Through her open door she saw Alice Rice and called her, telling her to close it behind her.
‘How did you get on at the Lyon funeral?’ she enquired.
‘There was almost no-one there, Ma’am. Mrs Nordquist, she’d arranged the whole thing, a couple of neighbours from near Geanbank including his cleaner, a group of pensioners from Carnbo and a solitary relation, a nephew. Lyon’s sister didn’t come. There’d been a family rift over his homosexuality. Apparently she’s an ardent Catholic.’
‘OK Alice, well done. Now, about Colin Norris-Eric seems to think though that he’ll get a confession out of him, that we should caution…’
The Sergeant interrupted. ‘Even if Manson-sorry, the Detective Inspector-got one, I’d be very ginger about it ma’am. Unless it disclosed something only the murderer could know, it wouldn’t be worth much. The man’s a wreck… the last time I saw him his hands shook so much that he spilt his own coffee. In his state the defence would have a field day and we won’t get another bite at that cherry.’

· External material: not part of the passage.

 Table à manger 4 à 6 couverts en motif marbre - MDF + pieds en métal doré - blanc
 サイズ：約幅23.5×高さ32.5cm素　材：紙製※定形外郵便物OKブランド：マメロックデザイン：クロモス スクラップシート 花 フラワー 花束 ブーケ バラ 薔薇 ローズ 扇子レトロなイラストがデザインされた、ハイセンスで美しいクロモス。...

The DCI nodded her head. ‘But all this wind farm stuff, it may be… well, just wind. Let’s go back to basics. Look at the family, eh? Lyon’s got none, apparently, except for the sister and nephew. That right?’
‘Yes. And no clear motive there,’ Alice said, thinking as she spoke. ‘The rift was maybe thirty years ago, I can’t see that figuring in any way.’

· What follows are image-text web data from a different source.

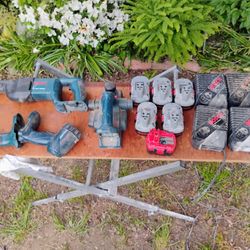 Bosch large tool bag, tools, batteries, and chargers
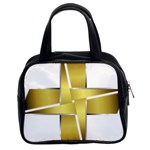 Logo Cross Golden Metal Glossy Classic Handbags (2 Sides) Front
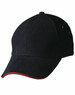 A black cap with a curved peak and a red underbrim. It features a small logo on the side.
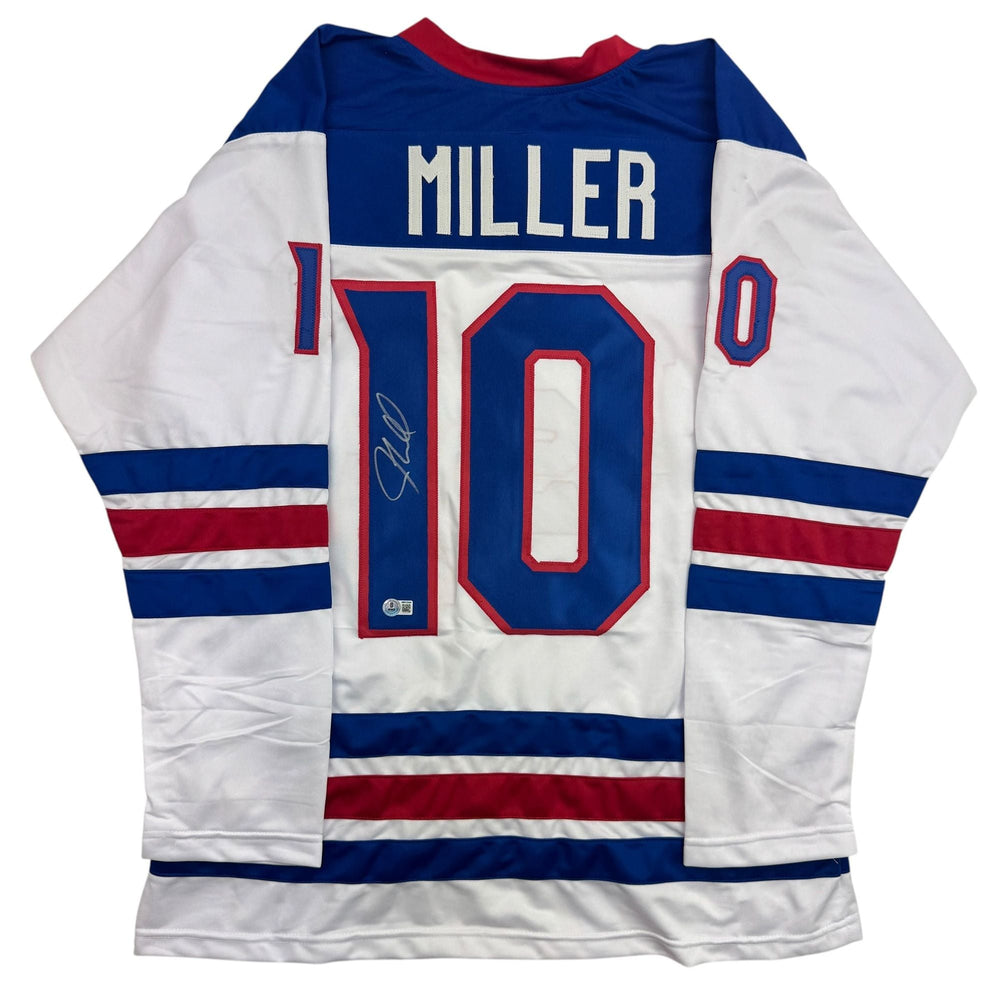 Autographed/Signed JT J.T. Miller Team USA White Hockey Jersey Beckett BAS COA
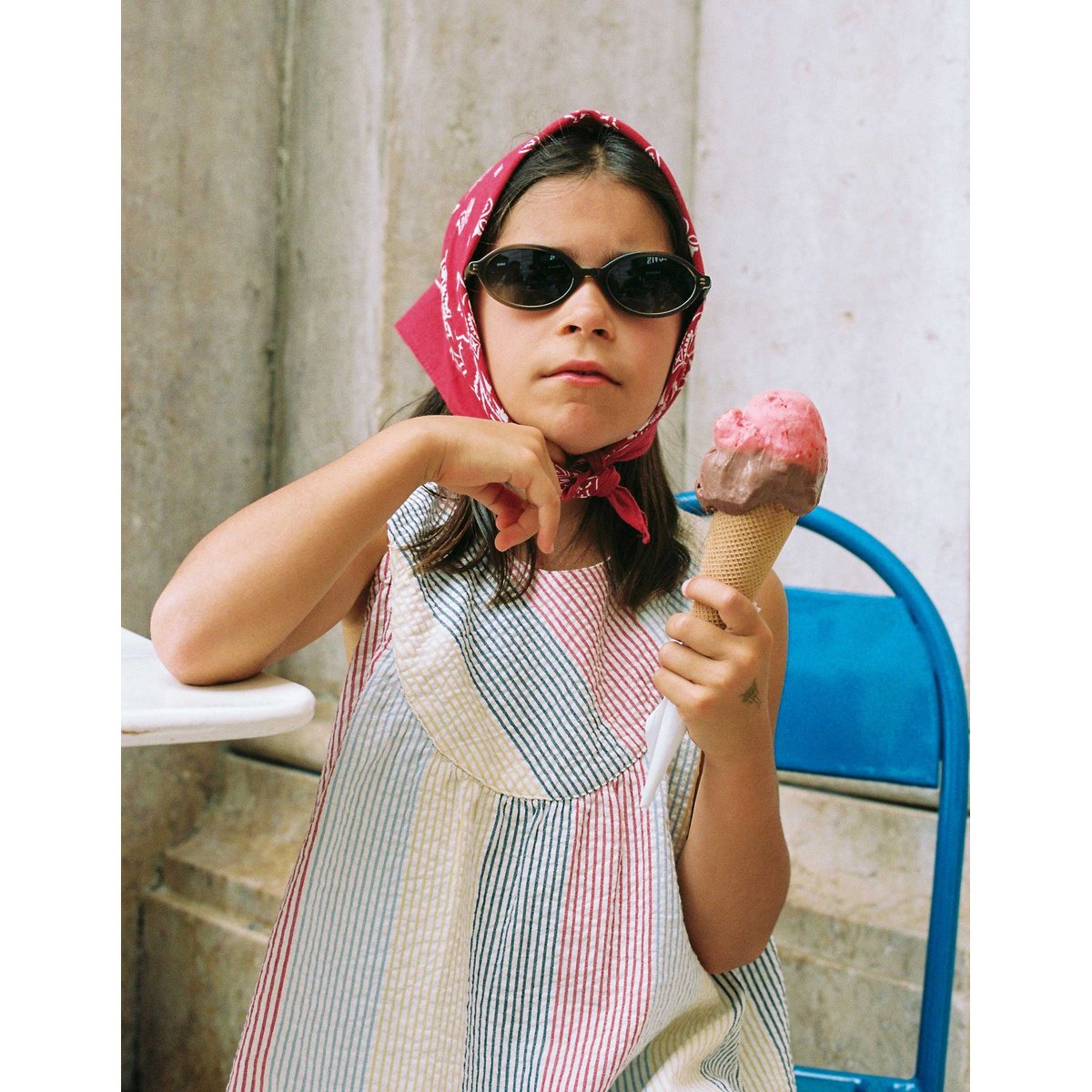 Robe sans manches en coton à rayures You&Me rouge, ZIPPY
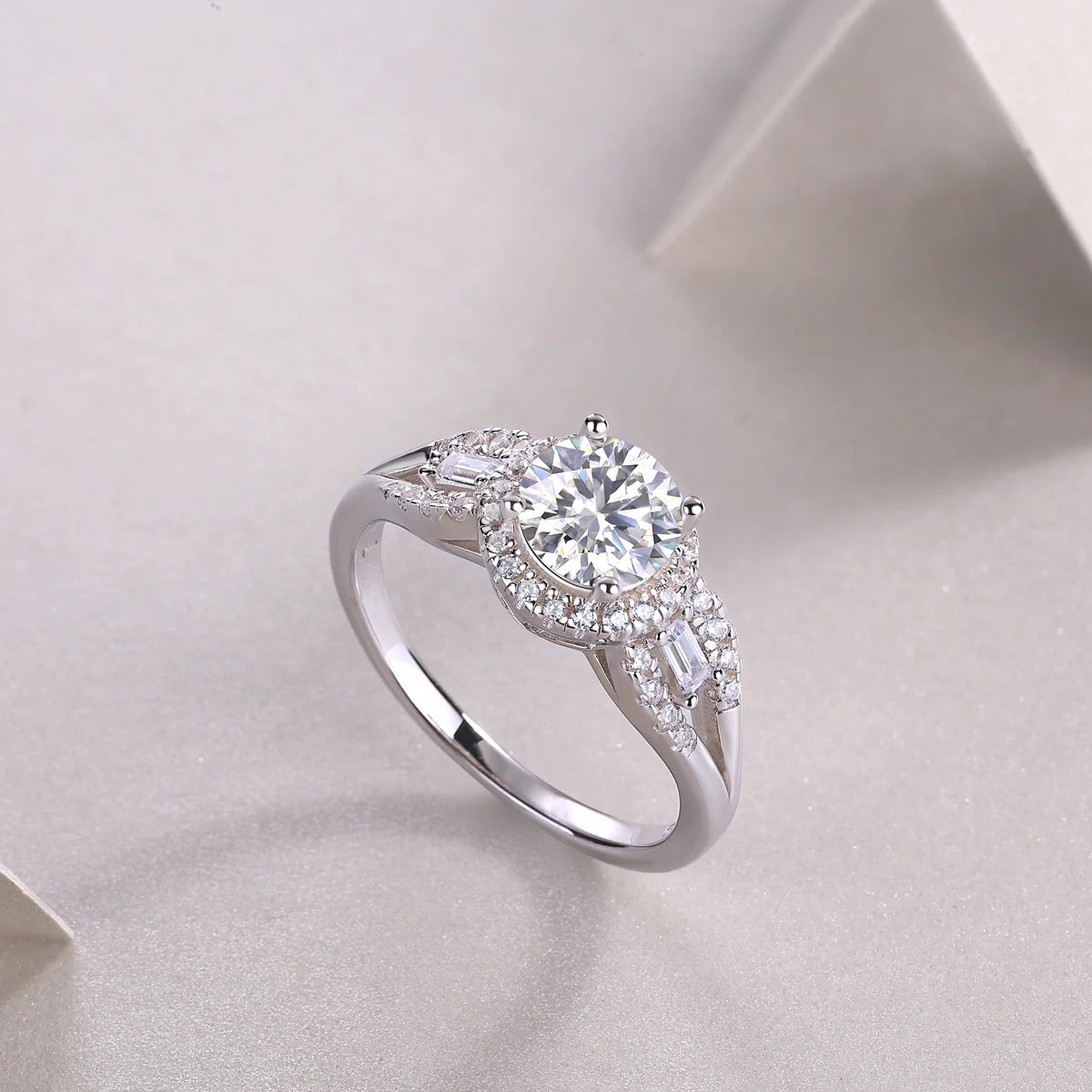 Moissanite Diamond Silver Band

‘And the Sheriff, Freeman, what about him? Any family?’
‘There’s a brother, that’s all. No reason, though, to suspect him.’
‘Nonetheless, let’s check him out. Thoroughly. And I don’t think we’ll discount the nephew yet, either.’
But before the Scowling Crags chapter comes to an end, Alice thought, one last enquiry to pursue. She found Vertenergy’s number without difficulty and dialled it, noting as she did so that their office was in Edinburgh. To dot the i’s and cross the t’s properly, a check had to be made in case the company knew of any particularly hostile anti-wind farm campaigners, any individuals displaying more than the average level of hostility. And the news she received from the woman at the other end of the line surprised her.
‘Scowling Crags? That one’s not going ahead.’
‘Really? The protestors at the Perth meeting seemed unaware of that fact. Are you quite sure?’ Alice said in disbelief.
‘Hang on a minute and I’ll double-check.’
She waited, patiently, for two minutes, ears assaulted by a hideous loop of ‘Soave Sia Il Vento’ on the flute.
‘No,’ the voice returned. ‘It looked as if we were going to have to withdraw the application, but we’re not going to now.’
‘Do you know why it was going to be withdrawn?’
‘Yes. That’s what I’ve been talking to my superior about. Apparently, James Freeman withdrew permission for us to use the access strip but then that was countermanded…’
‘Countermanded by whom?’ Alice interrupted.
‘By his brother, Christopher Freeman.’
‘Sorry, when did all of this happen?’ Alice enquired.
‘Can you give me just another minute? I’ve got the file here in front of me.’
This time, fortunately, no travesty of Mozart to raise the blood pressure before the voice returned.
‘James Freeman withdrew his permission for the development in a letter. He sent back all the contract documents too.’
‘What was the date of that letter?’ Alice asked.
‘Erm… 7th June, this year.’
‘Okay, and the countermand?’
‘That was in a letter from his brother, Christopher. Do you want to know its date?’